WASHINGTON - America's political system was designed precisely to prevent one leader or faction from piling up too much power.
But as Washington hurtles towards a debt default and government shutdown, the problem is not the tyranny of the majority, but that no one may have the power to avert disaster.
A weakened President Barack Obama and congressional leaders from both parties, locked in an endless clinch of partisan bitterness, have failed to impose themselves on Washington's political jungle.
Obama, seeing an ambitious second term agenda expire on Capitol Hill, was bucked by Congress over bombing Syria and saw his fellow Democratic senators snub a favoured choice to head the Federal Reserve.

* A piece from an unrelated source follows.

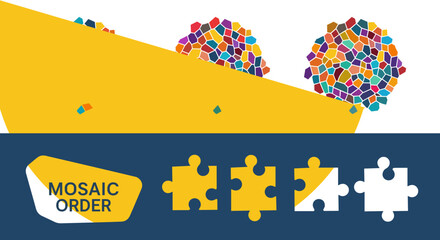 Fototapete - Colorful mosaic design with puzzle pieces and geometric shapes on a yellow and blue background art piece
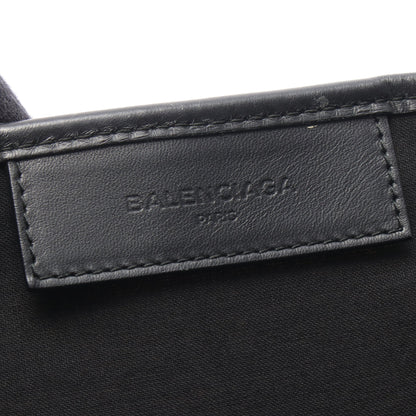 NAVY CABAS S ネイビーカバ ハンドバッグ トートバッグ キャンバス レザー オフホワイト ブラック バレンシアガ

His rival big gun, Republican House Speaker John Boehner is hostage to the conservative Tea Party faction of his own caucus, and may have to choose between his job and tipping the US economy over a cliff.
Senate Democratic leaders lack the power to enforce their will. Republicans however have just enough of the stuff to grind the chamber to a halt, using stifling filibuster rules.
The brouhaha has emboldened minority factions and charismatic up and comers like Republican senators Ted Cruz and Rand Paul, who lack power to change things alone, but can break a lot of crockery.
Forged in the memory of colonial tyranny, the US political system splits power between the president, lawmakers and the Supreme Court.
When voters split authority - there has been a Republican House and Democratic White House and Senate since 2011, - political rivals can cancel each other out.